Brevivulva is an extinct genus of parasitic wasp in the Eupelmidae subfamily Neanastatinae and contains the single species Brevivulva electroma. The genus is solely known from the Early Eocene Baltic amber deposits in the Baltic Sea region of Europe.

==History and classification==
Brevivulva electroma is known only from one fossil, the holotype, number "AMNH BaJWJ-408", which is a single female specimen preserved near the end of a triangular amber block 21 by 5 mm in size. The block is currently residing in the American Museum of Natural History paleoentomology collections in New York City. B. electroma was first studied by Gary A.P. Gibson, with his 2009 type description being published in the journal ZooKeys. The generic name combines the Latin words brevis, meaning "short", and vulva, meaning "cover" or "wrapper" and refers to the short length of the hypopygium in comparison to the modern genus Lambdobregma. The specific epithet "electroma" derives from the Latin electrum "amber".

==Description==
Brevivulva electroma is 3.25 mm in length when the ovipositor is included and is a uniform dark color with a faint metallic green cast to the mesosoma at certain angles. Several areas on the female are obscured, with the mouth, lower half of the face and underside of the gaster to the rear of the hypopygium having thin coatings of white mold. The forewings are uniformly hyaline in coloration and highly setose along the front edge of the wing margin in the costal cell. Beyond the parastigma the setae grow sparse and the wing apex is apparently bare.

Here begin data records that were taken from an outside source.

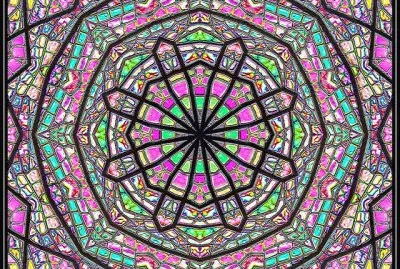 פאזל של FaraÃ³n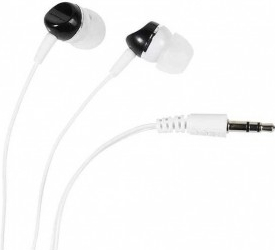 Vivanco V-34883 recenze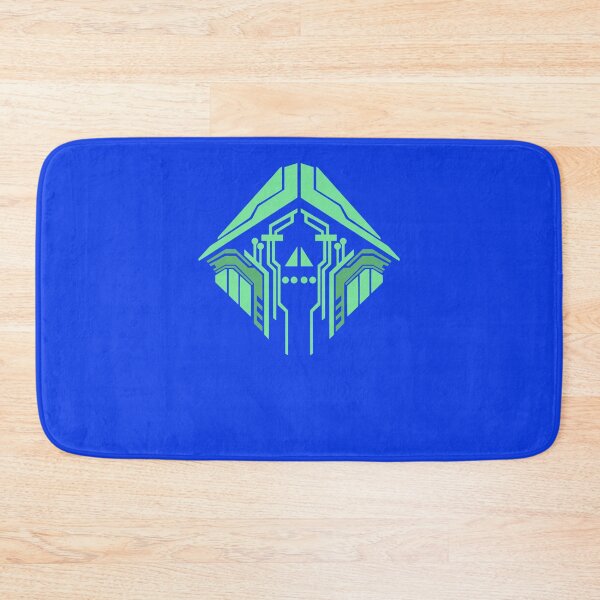 Item preview, Apex Legends  Crypto Logo HUD Essential T-Shirt designed and sold by AndreBrandes.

The overall structure of and general appearance is very similar to that of living species in the genus Lambdobregma. This includes Brevivulva having a prepectus which is notably an elongate triangular shape and that narrows quickly towards the rear. However, a number of features set Brevivulva and Lambdobregma apart. Most distinctly Lambdobregma possesses a hypopygium which extends almost all the way to the tip of the gaster, whereas the hypopygium in Brevivulva extends only half the length of the gaster. Due to the stiff, exerted shape of the ovipositor sheath, Gibson postulated that Brevivulva electroma was parasitic on woodboring beetles or other hosts with similar habits of concealment.